My mother told me about her being broken up last night. I didnt even know she still existed.
I have mailed the current owner for the latest news.
I will contact the Wick Society for more info on her.
The info you have given is fantastic. I really didnt expect such info in as short a space of time!
I have a pic of her in Kirkwall reg. She must have gone over the firth after our lot had her, and fished there too for a while.
Also, the pics I have show two different wheelhouses. A small one with 3 front windows from the gallery here, and my pic shows 4 front windows.

Barry


----------



## donald mckay (Dec 12, 2006)

Barry Ian Muir from Sanday bought her from Wick reg K919 The late Pat Eke skippered her at the seine net for him before Ian took her to Orkney Im not sure when the second wheelhouse went on her but it may have been just after the war


----------



## miniman (Oct 15, 2007)

Yer a mine of info Donald. Thanks.
Its yersel that was speaking to my mum lately then? I have the old pic that supposedly shows Kelly with me. Im off home to show it to her.

Barry


----------



## donald mckay (Dec 12, 2006)

Aye Barry it was There are a couple more pics of her on the Gallery here I should have the date when they put out the Bolinder engine somewhere.. I beleive they got rid of it as the engine beds were of oak and and couldnt absorb the "thump" of the Bolinder unlike the Scandinavian boats with the softer wood engine beds (I have been told this and if its false dont shoot the messenger)


----------



## jorvikmik (Oct 7, 2007)

*Girl Mina*

I have a lot (and I mean a lot) of photos taken over the last three years including a lot below decks to show her construction. A folder of about 13.5mb so if you haven't got adsl it could be a problem though I could write it to a cd and post it to you no problem. jorvkmik(HAT)graemsay.org.uk


----------



## jorvikmik (Oct 7, 2007)

*Girl Mina*

Just dug through a load of old files and found a sketch with dimensions of eng room, holds etc. Terry the present owner is away South just now but should be phoning me. I'll ask if he has any more details of her.


----------



## miniman (Oct 15, 2007)

Hi guys,
Donald, thanks a lot. I really should have researched this a long time ago.
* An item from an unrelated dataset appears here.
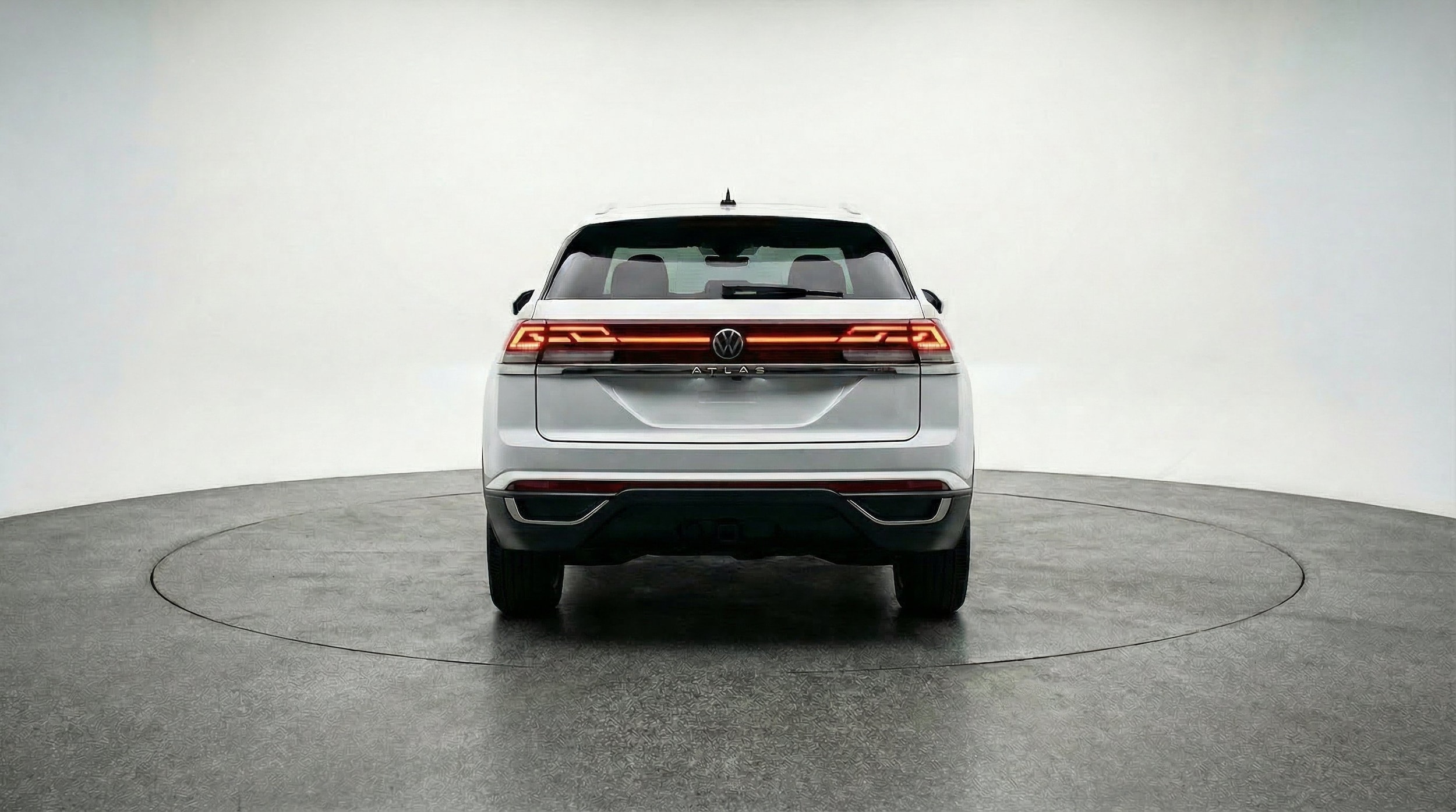 Thumbnail: 2026 Volkswagen Atlas - 7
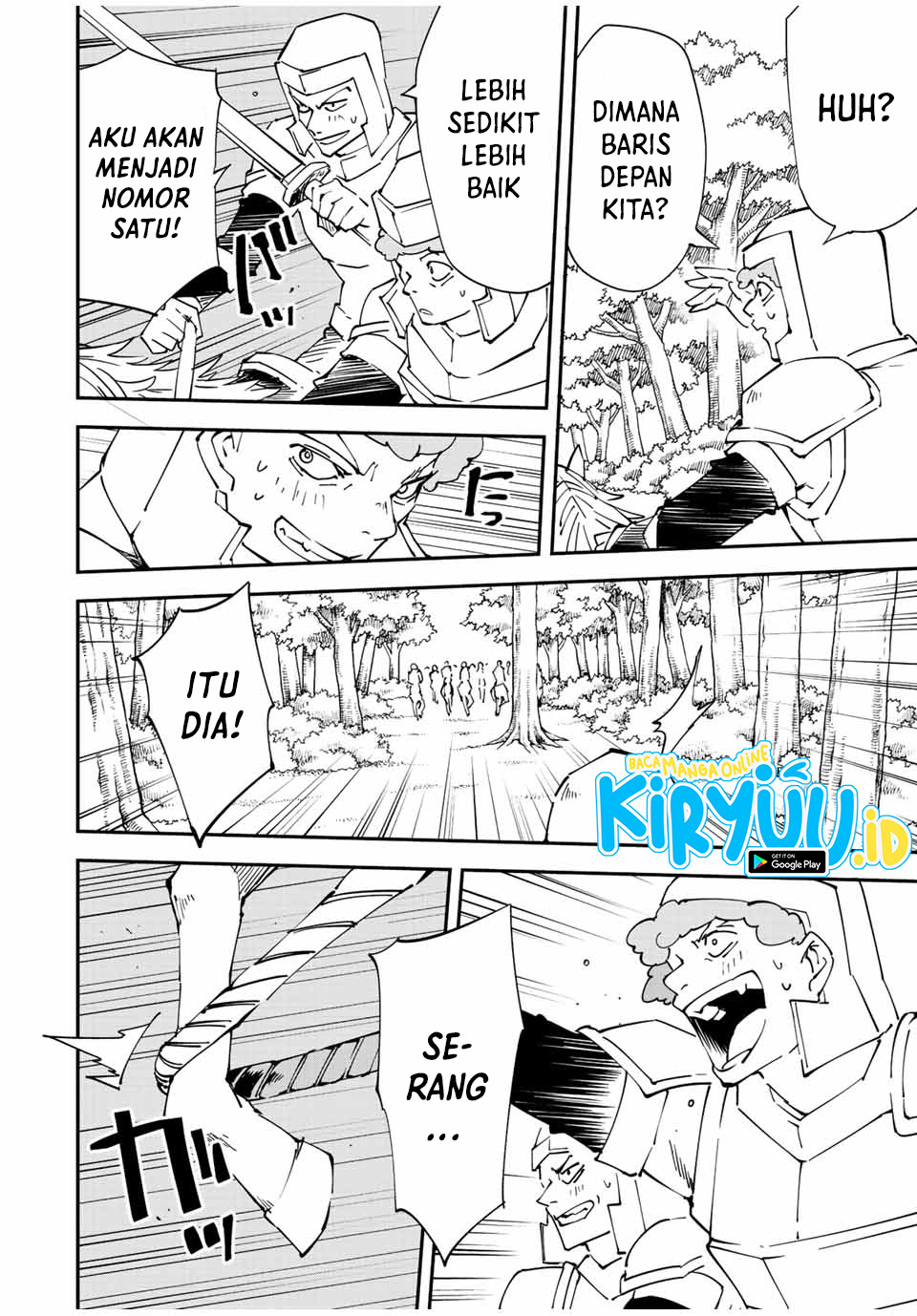 Chapter 87 - halaman 16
Jorvikmic, Thanks for the offer. I have sent you a mail, and should be able to handle folders of that size no problem here.
I sent an e-mail to Terry via his website when I began searching for info.
Any info on her is very much welcomed. The more info and pics I can get, the better the model will be.

Im currently building a model of the Fifie "Swan" from Shetland. It will be fully radio controlled. I have a build thread on a model forum.
Have a look here if your interested-
http://www.rcgroups.com/forums/showthread.php?t=714572

She aint finished yet, but should be sailing in the next couple of months or so.

Barry


----------



## john webster (Feb 3, 2006)

*swan*

tut, tut, Barry, black mark for you, "plastic" hull, whats wrong with wood, build it right.
jw


----------



## miniman (Oct 15, 2007)

Hiya John, hows yersel?

I had to take the cheats route im afraid! The new bairn dictates the time spent on models now. The Girl Mina will be wood though, I promise!!

Barry


----------



## cadboll (Oct 19, 2007)

*Wev'e got the same GT Grandfather.*

Hello Miniman,
I was aboard our old family boat last year when i was up in Orkney, we filmed her, and the mannie who owned her offered us a lift over to Scrabster for nostalgias sake, we were already booked on the ferry and had the car as well so we had to decline his offer.
He also offered her to us for £14000, but we declined that as well, she was a poor looking old lady and probably needed at least £20000 to get her back in reasonable shape, it's a shame, but that's the way of it.
All the best,
Mike Sutherland.


----------